According to E! online, "Kidman's local posse loudly dished to us their doubts about the mommy status of the star, insisting to us that Antonia Kidman was Sunday's surrogate all along." Yes, Nicole Kidman didn't show until quite late into her pregnancy, but honestly, this claim is about as bonkers as the one implying that Bristol Palin was the real mother of Trig and that Sarah faked the pregnancy so that Bristol would avoid the shame of unwed motherhood. (Interestingly, Katie Holmes — now married to Nicole's ex, Tom Cruise — was also accused of faking her pregnancy.)

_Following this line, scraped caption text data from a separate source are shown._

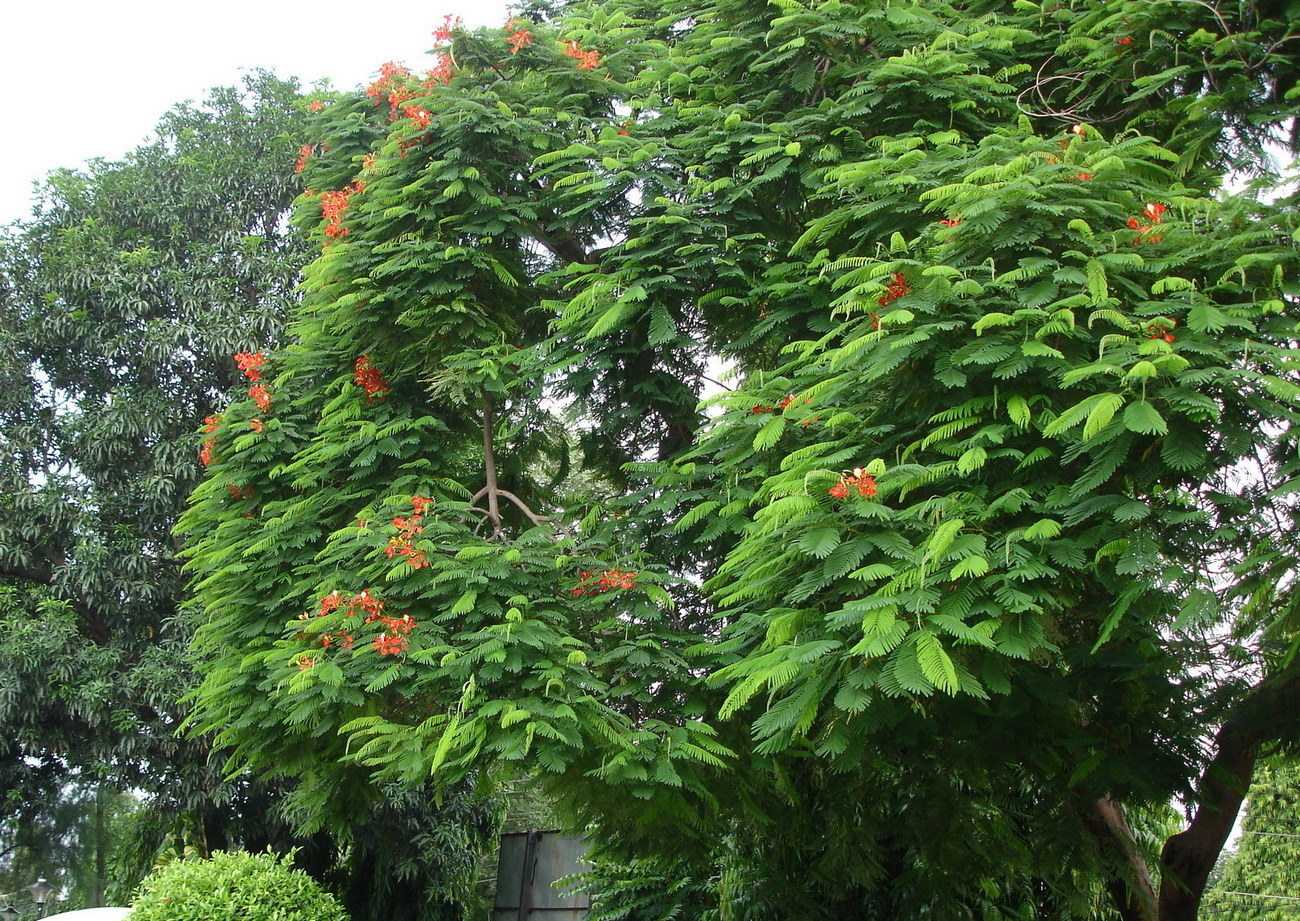 Image of Delonix regia specimen.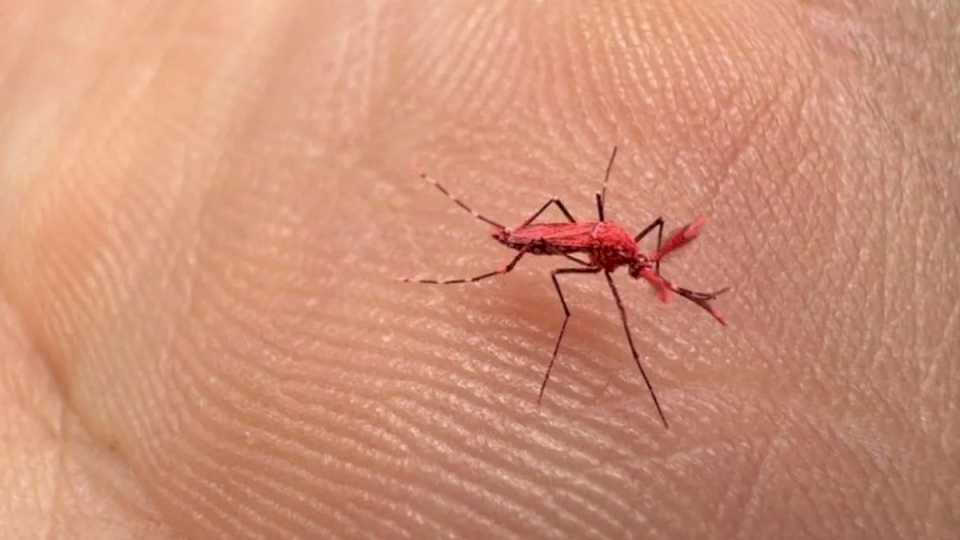 Mendoza completó la primera fase del ensayo con mosquitos fluo para combatir el dengue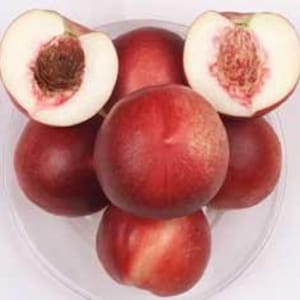 Nectarine Arctic Jay White - 3  feet tall - ship in 3 gal pot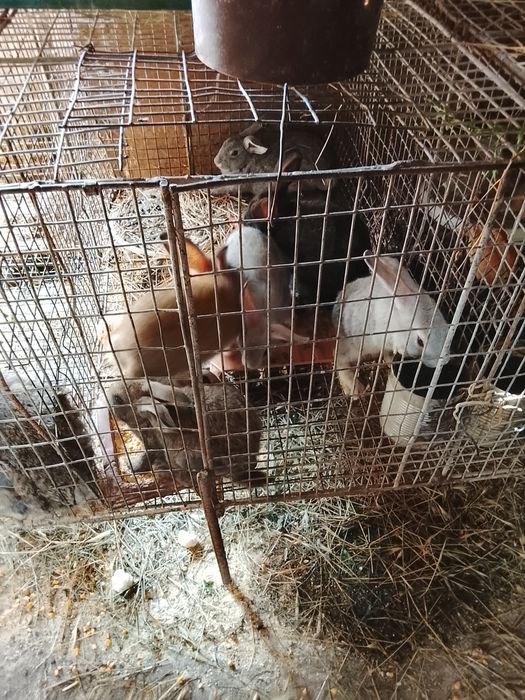 Iepuri mici și mari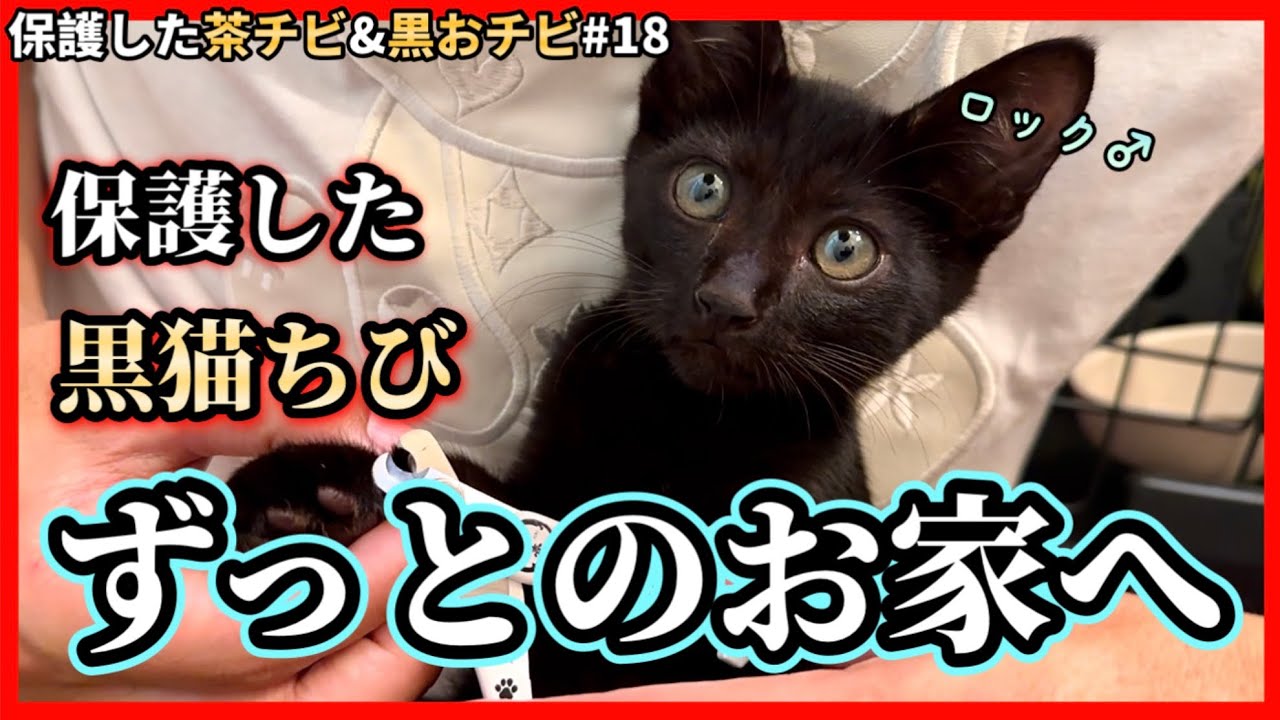 お別れの時がやってきました - YouTube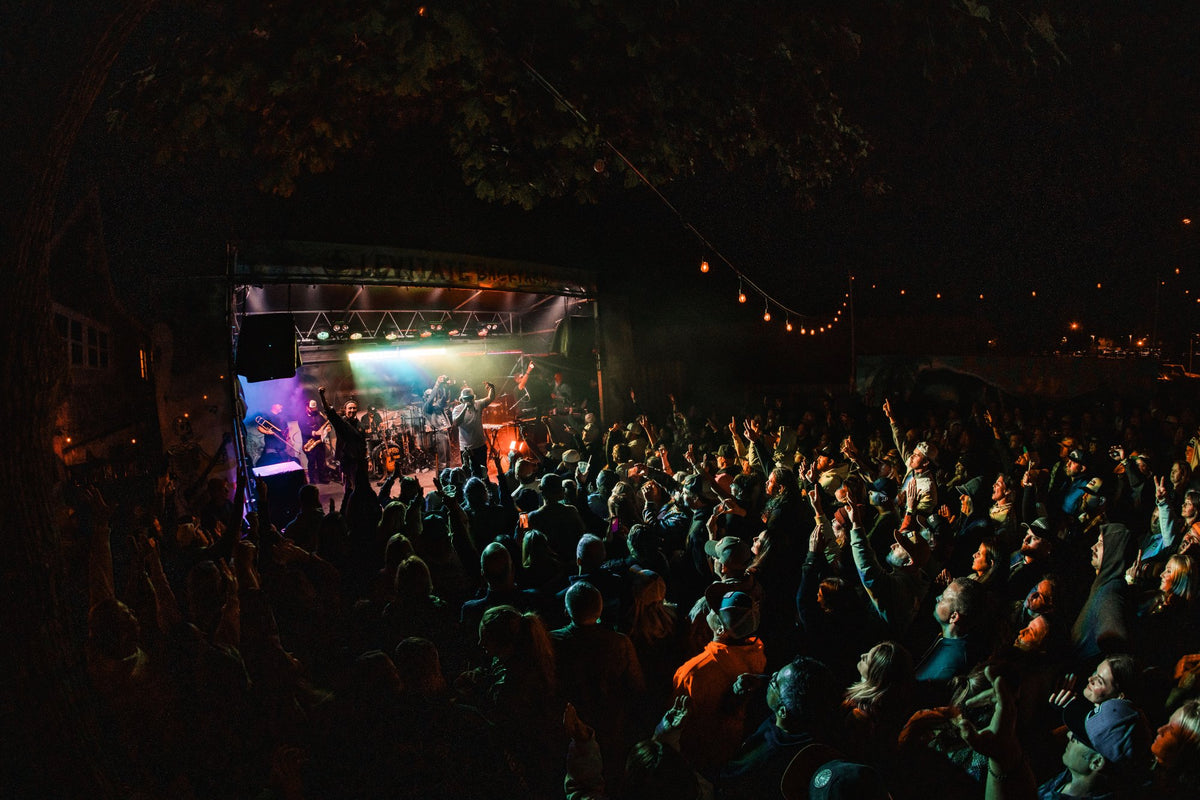 View from the back of the packed Levitate Backyard crowd with hands up toward the stage on night three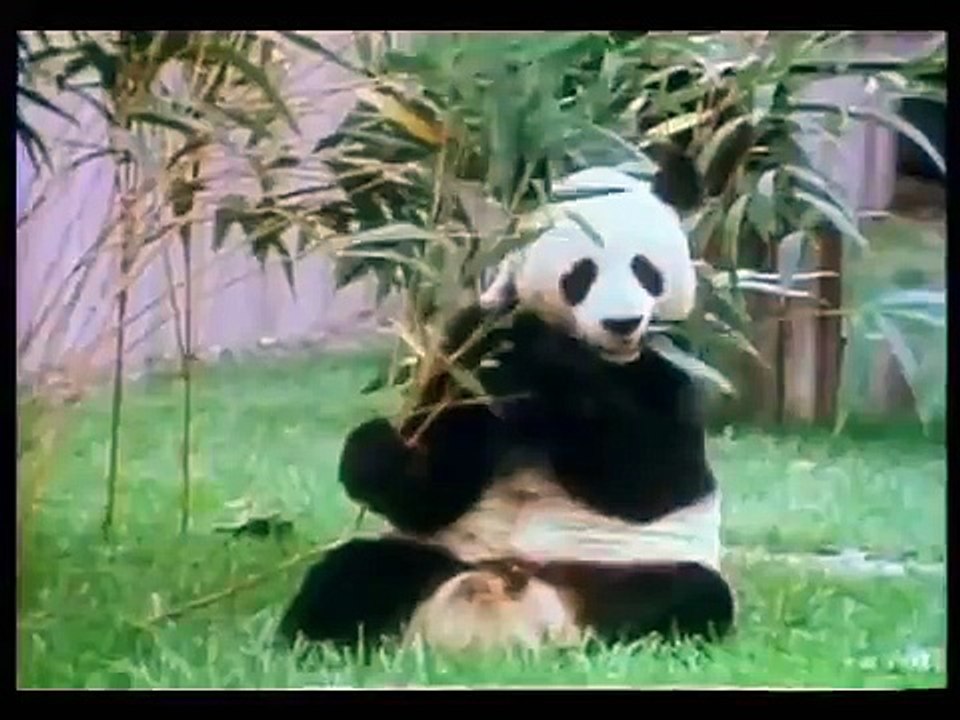 Sesame Street Giant Panda video Dailymotion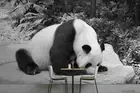 3D Animal Panda Wallpaper Wall Murals Removable Wallpaper 153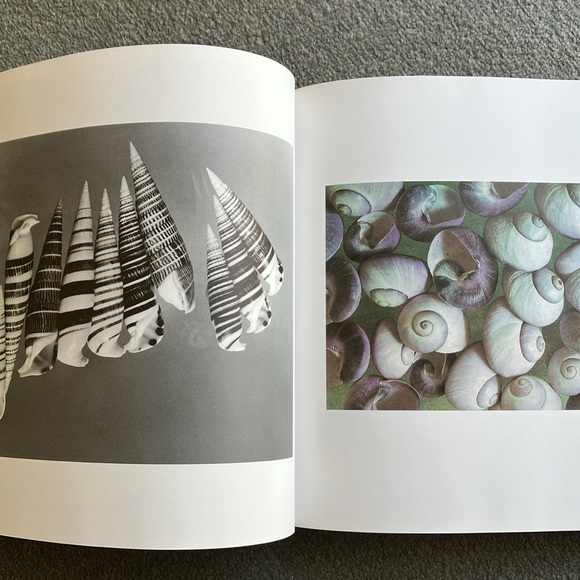 The Shell - coffee table book - Picture 6 of 11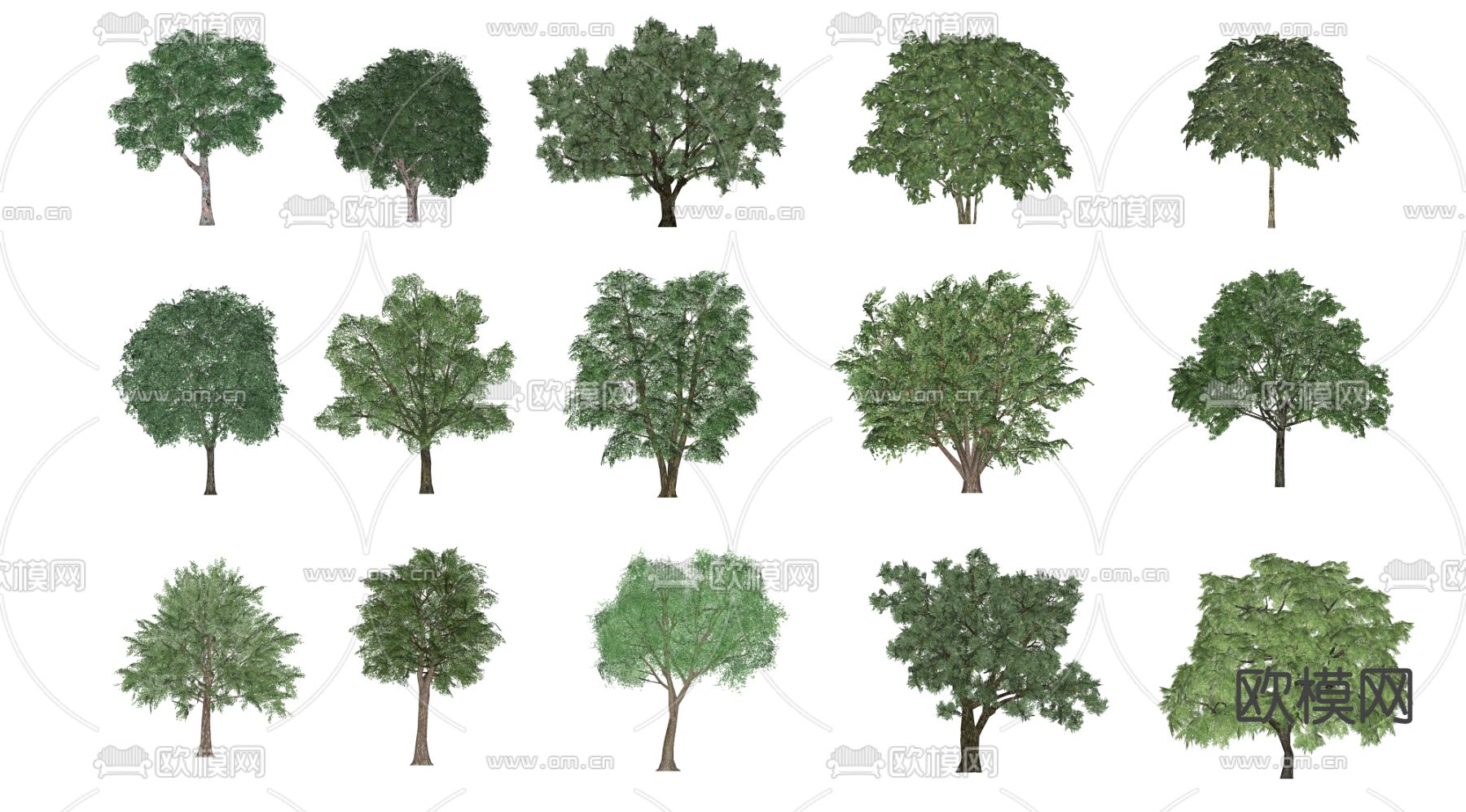 乔木景观树su模型下载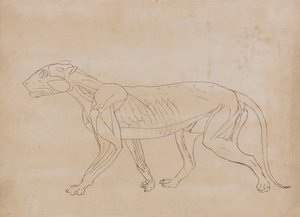 Studie van een tijger, lateraal aanzicht, uit Een vergelijkende anatomische expositie van de structuur van het menselijk lichaam met die van een tijger en een gewone vogel, 1795-1806 door George Stubbs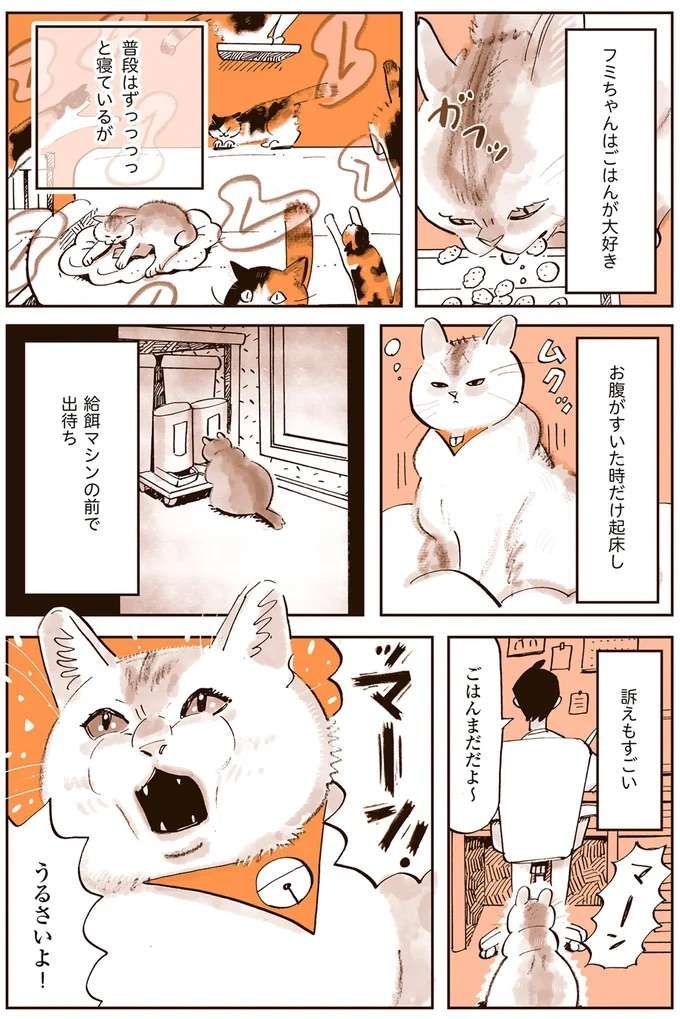 『うちの猫は仲が悪い』（19）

Apparently there is only one acceptable media pregnancy narrative, and that requires a taut and tasteful belly, with arms and legs remaining fit, followed by a month maximum of "post baby body" before a proper public unveiling of a perfectly slim figure and a smiling infant wearing a $200 onesie. Get thin too quickly or outside the approved narrative? You paid a robot to gestate your spawn in a secret underground lair. Or, like Britney, you're a drug downing bullimorexic. For an industry that so aggressively fetishizes pregnancy, you'd think they'd allow women to do it more naturally.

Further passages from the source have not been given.